Migalhas de Peso

A criação e desdobramentos dos Juizados Especiais Cíveis e como os métodos consensuais atuam para aprimorar a sua atuação

A ideia principal se baseava em uma tentativa de conter a morosidade processual, bem como eliminar os altos custos processuais encontrados na tramitação comum de um processo

20/2/2020

A institucionalização do Juizado Especial Cível com a lei 9.099/95 – a qual revogou a lei 7.244/84 responsável por regularizar o Juizado Especial de Pequenas Causas – se deu entre tentativas do Judiciário de, primeiramente, desafogar a Justiça Comum Estadual e, concomitantemente, seguindo exemplos de Países alinhados com a ideia de Common Law, abranger o acesso à Justiça aos cidadãos brasileiros.

A ideia principal se baseava em uma tentativa de conter a morosidade processual, bem como eliminar os altos custos processuais encontrados na tramitação comum de um processo.
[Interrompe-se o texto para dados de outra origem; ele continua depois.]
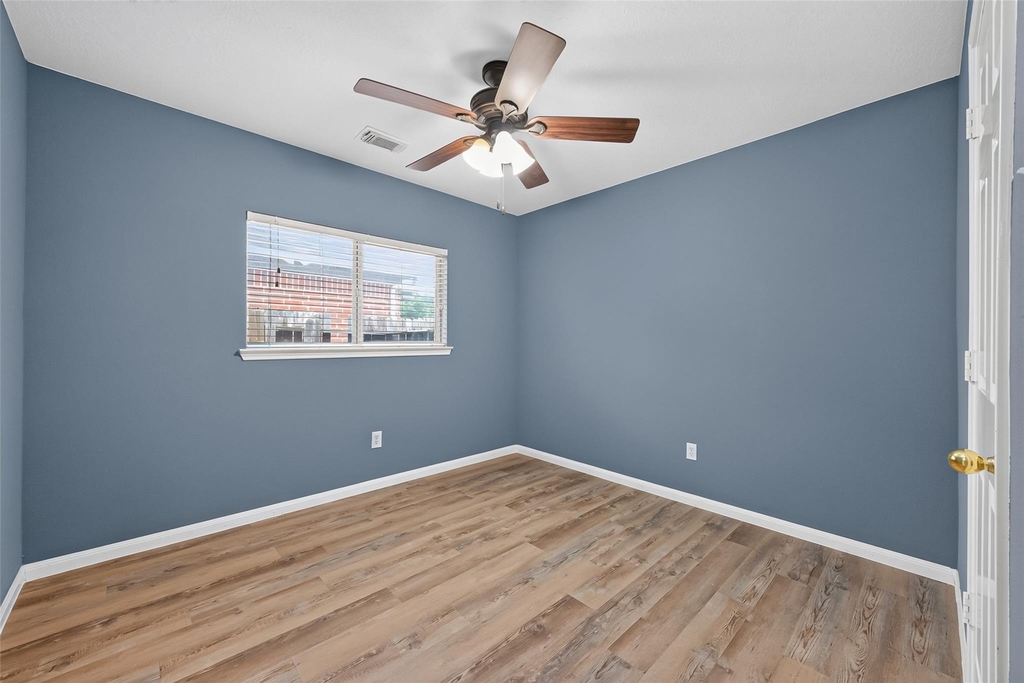 7218 Fox Hall Lane - Photo 6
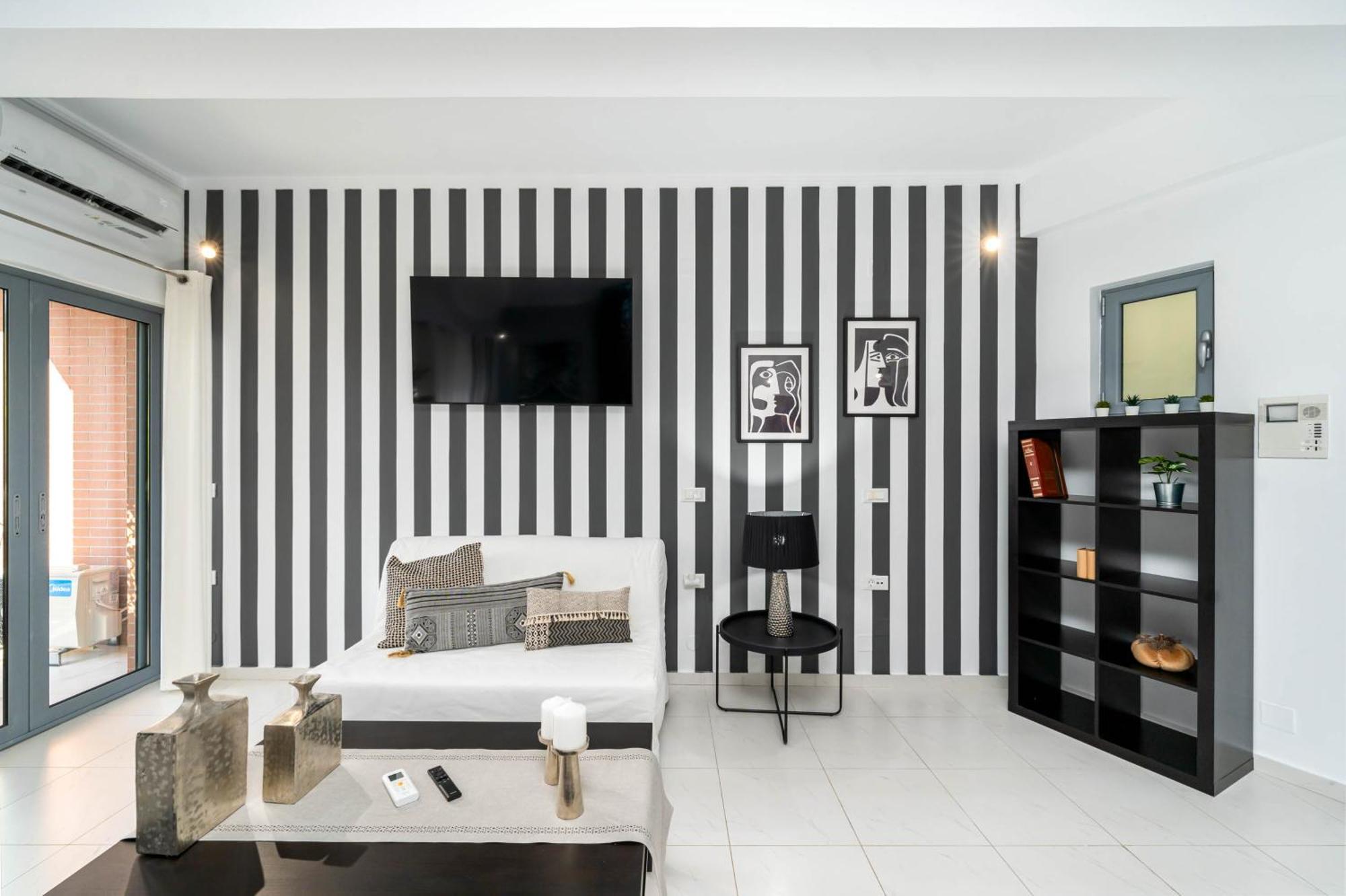 Byron Luxury Aigio
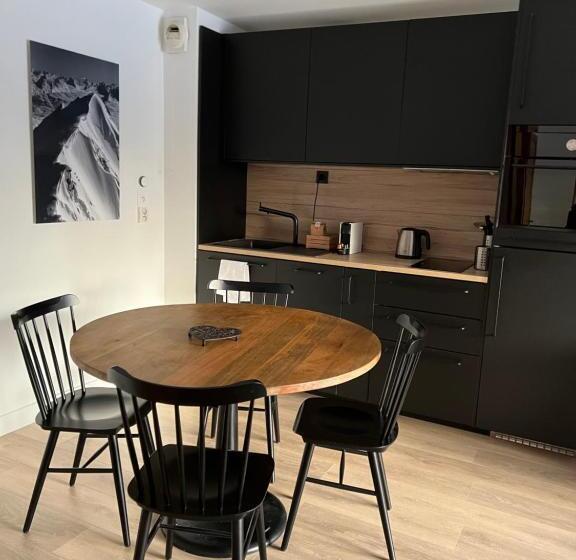 דירת משפחה, La Residence De L Ours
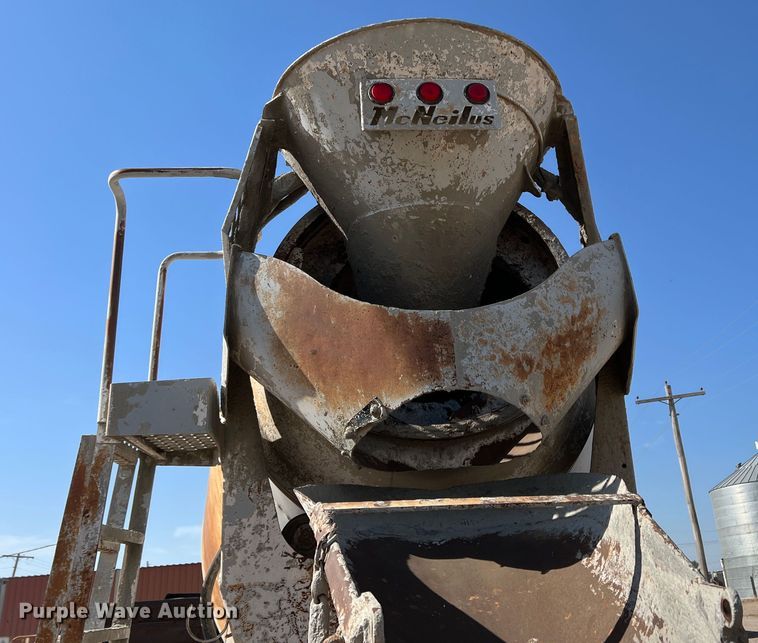 image for item DR1367 1993 Mack DM690S  ready mix truck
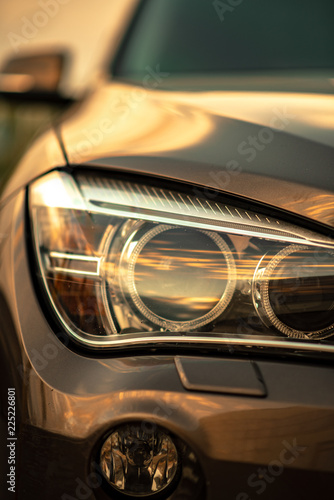 Cuadros en Lienzo Headlights and hood of sport brown car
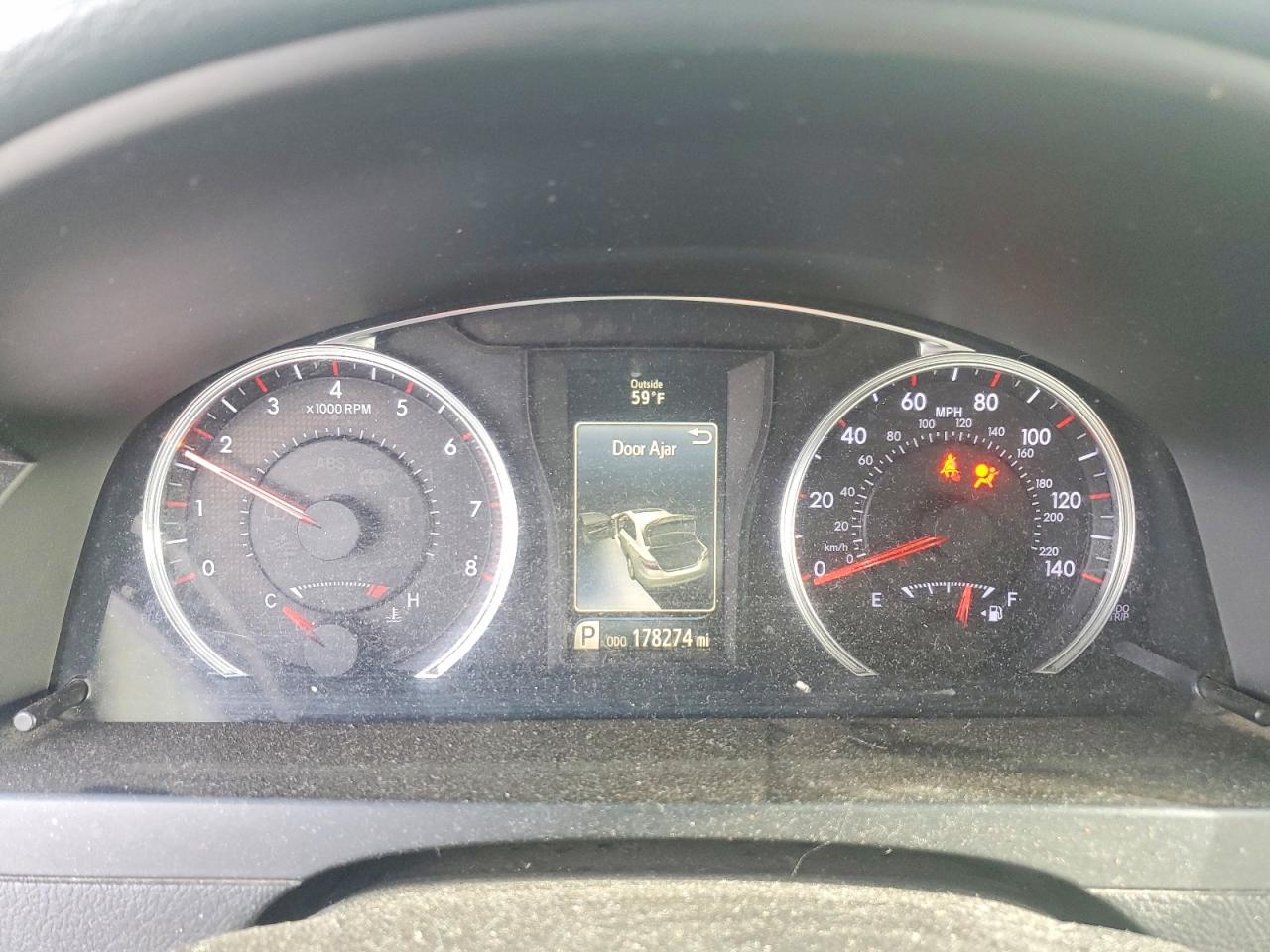2017 TOYOTA CAMRY LE photo 9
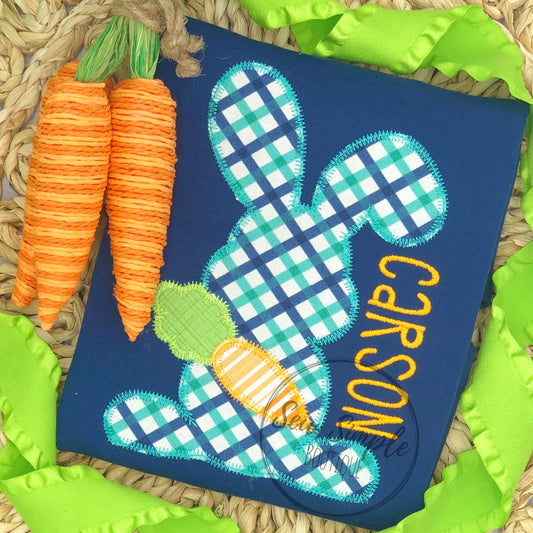 BUNNY WITH CARROT OUTLINE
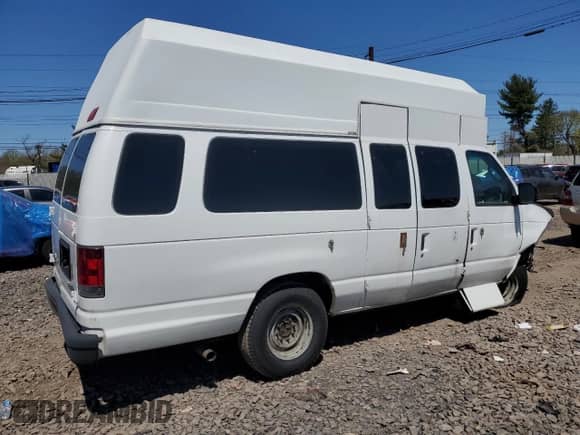 2009 Ford Econoline Cargo Commercial with VIN 1FTSS34L79DA30336, listed as a Copart auction lot 53173985 with 59,253 mi miles and Salvage title. Bid and sale history available at DreamBid. Image 3.
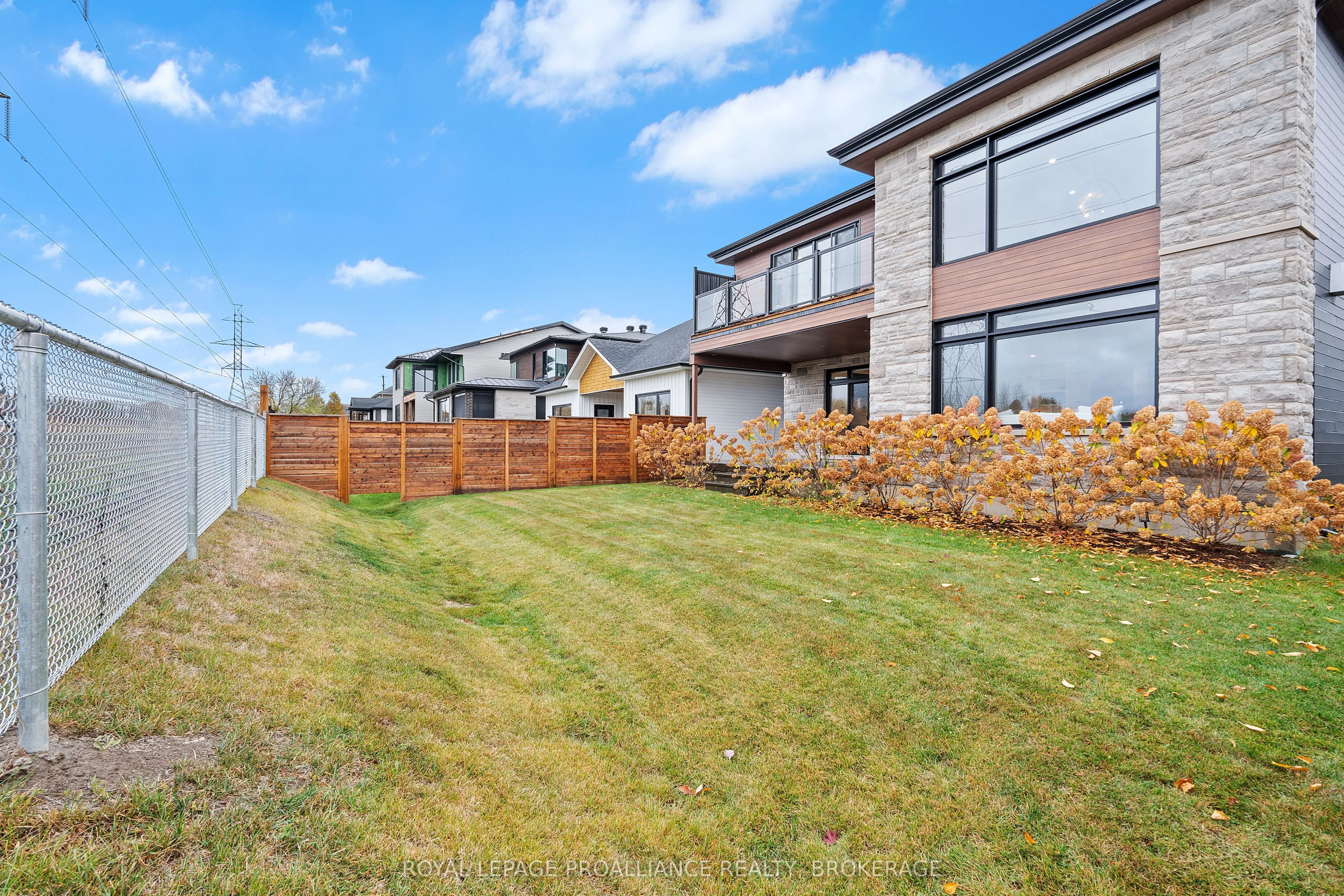 832 Windermere Drive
Além do mais, considerando-se a tamanha burocratização enfrentada no momento do ajuizamento das ações, a existência do Juizado Especial Cível se caracterizou como uma solução viável. É evidente que, considerando o contexto no qual a lei é promulgada, os bônus se colocavam de forma muito mais autêntica do que os ônus.

Nesse eito, Ricardo Cunha Chimenti (2012, p. 17) sintetiza a caracterização do Juizado Especial Cível, vejamos:

Trata-se de um sistema ágil e simplificado de distribuição da Justiça pelo Estado. Cuidando das causas do cotidiano de todas as pessoas (relações de consumo, cobranças em geral, direito de vizinhança etc.), independentemente da condição econômica de cada uma delas, os Juizados Especiais Cíveis aproximam a Justiça e o cidadão comum, combatendo o clima de impunidade e descontrole que hoje a todos preocupa.

Entre os princípios que sustentam o Juizado Especial Cível, para alcançar a conclusão almejada no ponto ora exposto, os essenciais são a oralidade, a informalidade, simplicidade e celeridade.

O art. 2º da lei em análise preceitua (BRASIL, online)1Art. 2º O processo orientar-se-á pelos critérios da oralidade, simplicidade, informalidade, economia processual e celeridade, buscando, sempre que possível, a conciliação ou a transação.

Isto é, a ideia essencial no tocante à celeridade de tramitação processual está explicitamente disposta logo no início dos capítulos da lei.

Ainda que a necessidade de um juiz togado jamais tivesse sido aberta à discussão no âmbito dos Juizados Especiais, conforme disposto no art. 98, I, da Constituição Federal/88, entendemos que a presença do conciliador e mediador – bem como o juiz leigo – representam, novamente, a tentativa intrínseca do legislativo em institucionalizar o acesso à justiça aos leigos, no qual os formalismos não sejam protagonistas, bem como os cidadãos não tenham que aguardar por anos – e por vezes décadas – para verem os seus processos julgados.

Se, de um lado, a celeridade processual não foi alcançada efetivamente, conforme será demonstrado a seguir, bem como o impacto na Justiça Ordinária não tenha sido significante – já que os números de ajuizamento de ações de todos os níveis de complexidade na Justiça Comum Estadual aumentam gradativamente –, podemos dizer que o acesso à Justiça foi abrangido de forma estrondosa.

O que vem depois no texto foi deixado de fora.